You slowly glance to the side without turning your head, afraid of what you might see if you do. It is a corpse. A very well-dressed corpse, but dead just the same. And there’s a worm, no bigger than a cashew nut, in his eye socket. As your eyes adjust you realize it’s more than just a worm. It’s staring at you with a cluster of tiny red eyes. Its tiny, horrible maw begins to move as it speaks with the voice of one who was never born and will never die.

“‘Allo there, chap. Fancy a pint?” As it turns out, the corpse speaks.

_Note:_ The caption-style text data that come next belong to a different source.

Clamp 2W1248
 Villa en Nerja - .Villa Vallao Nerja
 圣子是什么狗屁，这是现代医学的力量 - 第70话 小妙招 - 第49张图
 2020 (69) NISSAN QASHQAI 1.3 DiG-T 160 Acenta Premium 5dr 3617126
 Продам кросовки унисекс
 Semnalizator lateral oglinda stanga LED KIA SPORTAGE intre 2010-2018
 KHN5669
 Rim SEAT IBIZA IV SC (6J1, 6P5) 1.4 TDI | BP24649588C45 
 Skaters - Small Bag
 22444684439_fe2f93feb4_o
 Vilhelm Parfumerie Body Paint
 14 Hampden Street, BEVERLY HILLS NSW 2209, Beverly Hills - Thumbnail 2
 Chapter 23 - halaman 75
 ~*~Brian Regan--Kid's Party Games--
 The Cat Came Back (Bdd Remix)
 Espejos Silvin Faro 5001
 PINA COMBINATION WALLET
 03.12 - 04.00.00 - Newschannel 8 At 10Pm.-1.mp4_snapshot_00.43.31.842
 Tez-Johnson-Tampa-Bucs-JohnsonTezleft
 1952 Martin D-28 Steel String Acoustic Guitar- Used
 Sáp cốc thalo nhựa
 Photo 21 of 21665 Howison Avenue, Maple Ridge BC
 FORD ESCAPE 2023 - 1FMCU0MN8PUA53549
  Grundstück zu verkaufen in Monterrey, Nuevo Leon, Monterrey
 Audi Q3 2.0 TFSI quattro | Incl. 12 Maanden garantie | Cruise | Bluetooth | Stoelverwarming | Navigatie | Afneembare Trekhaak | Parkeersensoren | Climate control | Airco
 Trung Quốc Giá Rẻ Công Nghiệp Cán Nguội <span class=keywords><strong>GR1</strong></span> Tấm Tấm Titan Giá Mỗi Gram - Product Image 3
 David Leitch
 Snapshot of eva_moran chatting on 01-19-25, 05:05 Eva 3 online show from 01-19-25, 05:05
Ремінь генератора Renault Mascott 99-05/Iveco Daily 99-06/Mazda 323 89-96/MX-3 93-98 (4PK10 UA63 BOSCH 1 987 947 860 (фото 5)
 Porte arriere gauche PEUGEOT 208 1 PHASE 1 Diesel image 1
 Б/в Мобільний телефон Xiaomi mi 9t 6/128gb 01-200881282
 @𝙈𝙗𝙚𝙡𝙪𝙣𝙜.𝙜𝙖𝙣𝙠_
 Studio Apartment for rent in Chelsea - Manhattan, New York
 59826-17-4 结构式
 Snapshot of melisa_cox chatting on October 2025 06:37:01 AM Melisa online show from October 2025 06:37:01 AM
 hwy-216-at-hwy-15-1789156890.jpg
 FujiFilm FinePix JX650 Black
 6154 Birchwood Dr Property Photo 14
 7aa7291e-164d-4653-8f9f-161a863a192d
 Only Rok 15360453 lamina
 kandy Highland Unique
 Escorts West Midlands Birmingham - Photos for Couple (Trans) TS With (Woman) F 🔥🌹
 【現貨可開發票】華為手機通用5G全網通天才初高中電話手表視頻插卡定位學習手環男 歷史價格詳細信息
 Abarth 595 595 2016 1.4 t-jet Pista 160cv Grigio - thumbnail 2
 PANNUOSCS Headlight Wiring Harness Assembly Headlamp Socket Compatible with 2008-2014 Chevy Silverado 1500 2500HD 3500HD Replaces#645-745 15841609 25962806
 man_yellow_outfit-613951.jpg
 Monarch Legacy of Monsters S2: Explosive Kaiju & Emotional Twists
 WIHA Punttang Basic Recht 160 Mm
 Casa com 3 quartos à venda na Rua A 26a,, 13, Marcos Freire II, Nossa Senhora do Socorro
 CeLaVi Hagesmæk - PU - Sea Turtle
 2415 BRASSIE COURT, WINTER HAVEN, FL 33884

Ben Templesmith’s Wormwood: Gentleman Corpse debuted in LO-FI magazine. The roughly 20-page story sets the tone for Wormwood’s world. As he tries to enjoy a drink at the Dark Alley with his shotgun-carrying robotic drinking buddy, Mr. Pendulum, the Gentleman Corpse, soon finds himself staring at some sort of fleshy demon weed that has sprung out of the mouth (and eyes and ears) of one of the other bar patrons. As more victims are revealed in the club’s back room, Wormwood discovers that the culprit is a Dweevil Spore Father named Leroy (pronounced Le-Roy, not Leroy) who’s been sticking his willy in the beer tap. It’s just another day in the life of an immortal carrion worm inhabiting a well-dressed corpse.

The hardcover reprint of Wormwood: Gentleman Corpse; Birds, Bees, Blood & Beer (Deviant Edition, IDW Publishing 2009) consists of Wormwood’s first miniseries, as well as his first official story; Leroy’s Special Brew. Also included are pages of comic book covers, sketches and storyboards that Templesmith created for Birds, Bees, Blood & Beer. It’s an all around wonderful collection that showcases Templesmith’s talent for illustration as well as satire. One cover depicts the Gentleman Corpse in the buff, with one hand covering his chest and the other cradling his swollen abdomen in a visual spoof of that famous Demi Moore magazine cover. Of course, in this image his stomach contains a large parasitic demon spawn. The quality of the printing and color reproductions of Templesmith’s unique brand of visual storytelling, his perfectly pitched grisly humor, is exceptional.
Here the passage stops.